YOUR OBJECTIVE
Every line below from the one containing "トラットリア コルポ デラ" through the one containing "спайс Алзамай" is to be printed exactly, with the pictures omitted.

INPUT
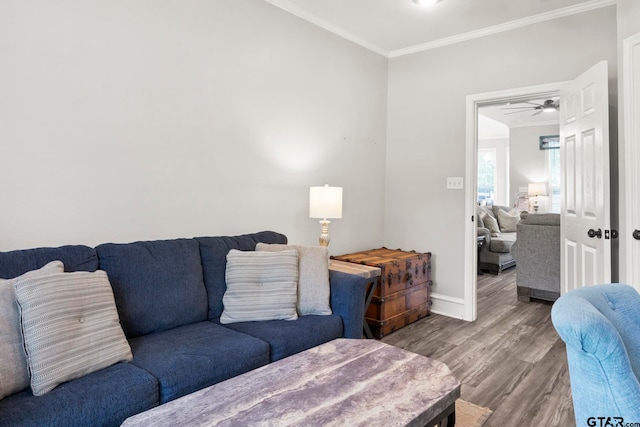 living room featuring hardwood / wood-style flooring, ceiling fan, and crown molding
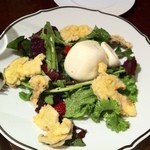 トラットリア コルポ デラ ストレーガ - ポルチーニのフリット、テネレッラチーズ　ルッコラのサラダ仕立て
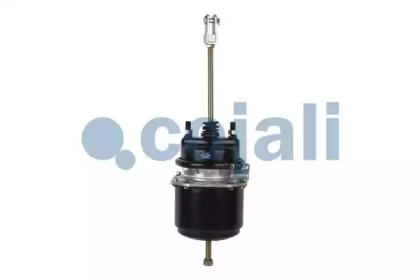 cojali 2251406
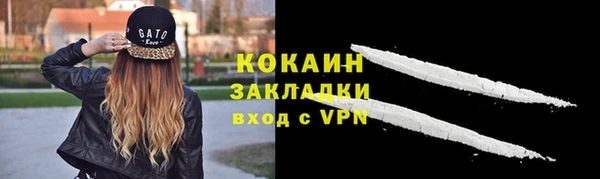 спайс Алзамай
---
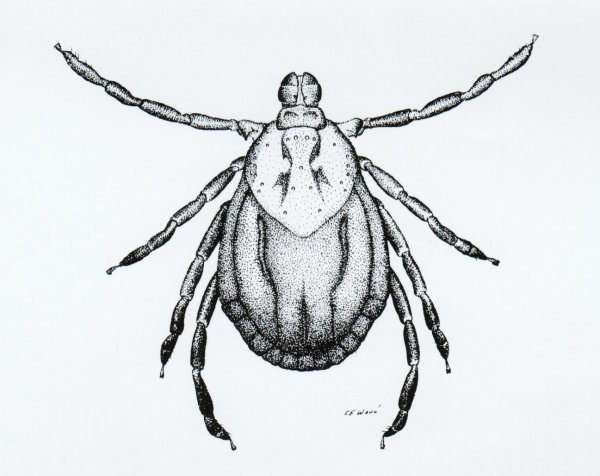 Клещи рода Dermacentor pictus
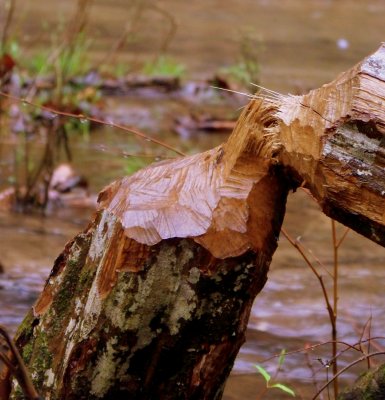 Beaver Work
* * *
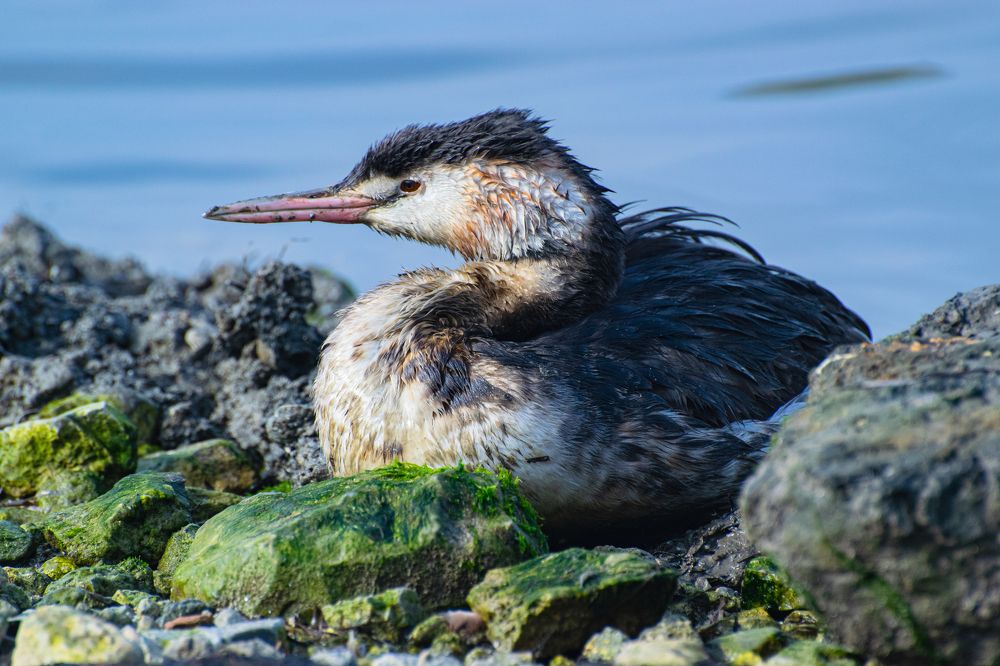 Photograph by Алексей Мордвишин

SOLUTION TO THIS EXERCISE
 トラットリア コルポ デラ ストレーガ - ポルチーニのフリット、テネレッラチーズ　ルッコラのサラダ仕立て
 cojali 2251406
 спайс Алзамай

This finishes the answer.